Ici, la mode n’est pas “belle” au sens policé du terme : elle est viscérale. Owens assemble ses vêtements comme on sculpterait une cathédrale brutaliste, avec la même obsession des lignes franches et des volumes imposants. Chaque pièce semble taillée pour une héroïne post-apocalyptique, sortie d’un film de Tarkovski produit par Tim Burton. Les tons : noir, gris, parfois un blanc spectral qui ne rassure pas. Les matières : cuir tanné, laine brute, plumes qui ressemblent à des ombres en mouvement.
Owens, c’est aussi un geste politique. Dans un univers mode souvent saturé de joliesse Instagram, il revendique l’anti-séduction : une allure qui ne cherche pas à “flatter” mais à affirmer. Ses défilés, souvent performatifs, flirtent avec l’art contemporain : chorégraphies désarticulées, mannequins atypiques, scénographies quasi rituelles. Pas étonnant qu’on le cite aux côtés de Rei Kawakubo ou Yohji Yamamoto : même radicalité, même goût pour l’ambigu.

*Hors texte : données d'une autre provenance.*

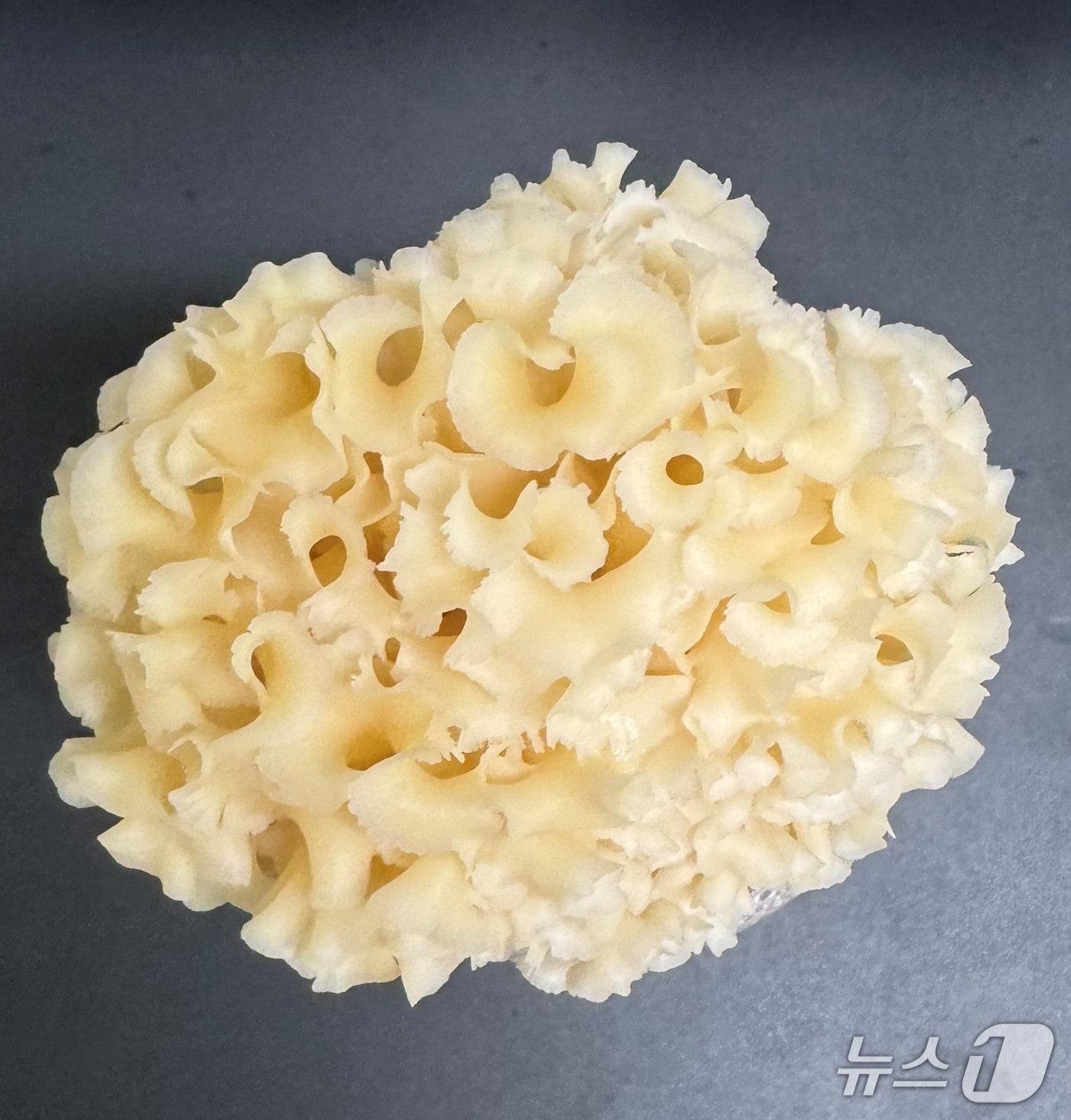 본문 이미지 - 꽃송이버섯(산림청 국립산림과학원 제공.재판매 및 DB금지)/뉴스1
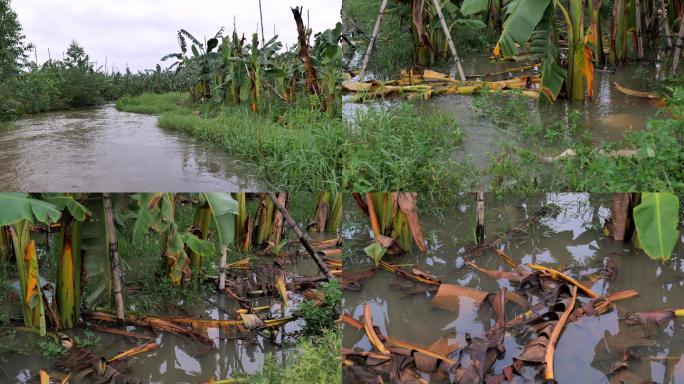 蕉林，受台风洪水灾害的蕉林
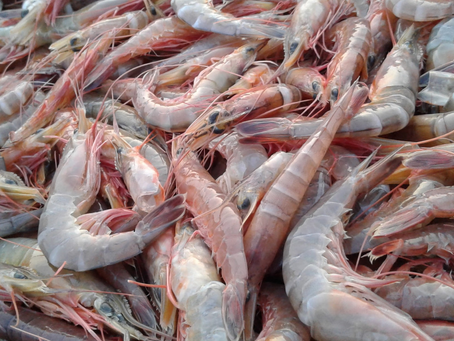 Manejo del agua en estanques de camarones: claves para evitar enfermedades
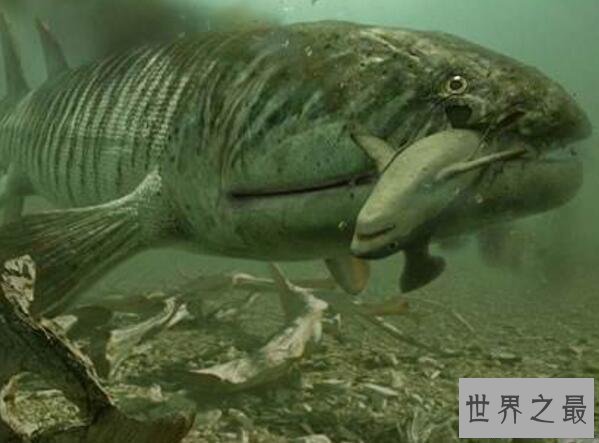 【图】陆地中的巨无霸活化石含肺鱼，竟爬上岸捕食陆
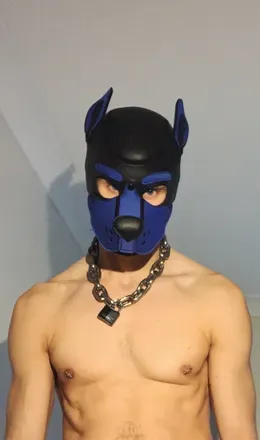 OnlyFans cuenta danthehound avatar 1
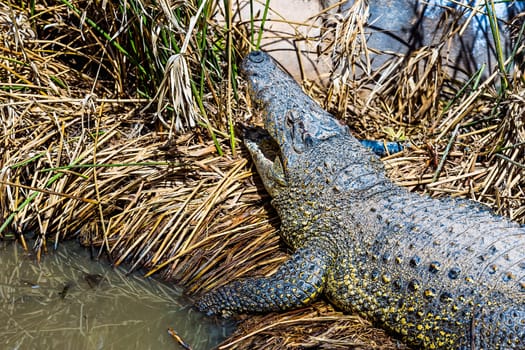 Crocodile on reed or cane in swamp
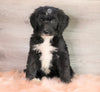 Bernedoodle (Standard) For Sale Baltic, OH Male- Trevor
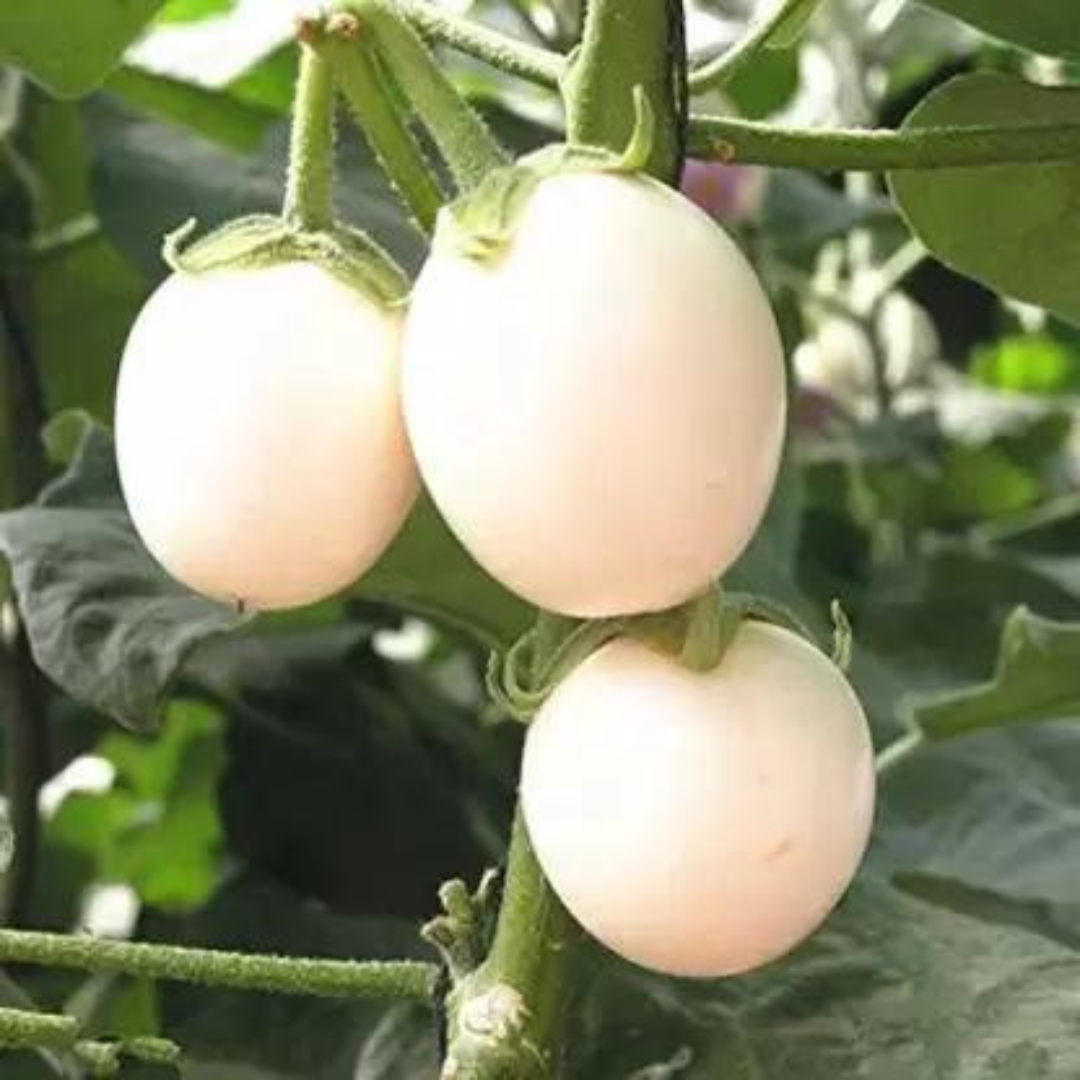 BRINJAL WHITE ROUND HYBRID SEEDS (40 seeds) plant-orbit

Au Palais Galliera, on circule comme dans un temple silencieux, presque religieux, où chaque mannequin expose non pas un vêtement mais une idée. On devine l’influence des mythes antiques, de l’art africain, du punk, et même de la danse butō. Owens ne cite pas, il absorbe, digère et recrache un univers qui n’appartient qu’à lui.
En sortant, on réalise que Rick Owens ne dessine pas des vêtements : il conçoit des armures spirituelles. Et que, parfois, la lumière se comprend mieux… en noir.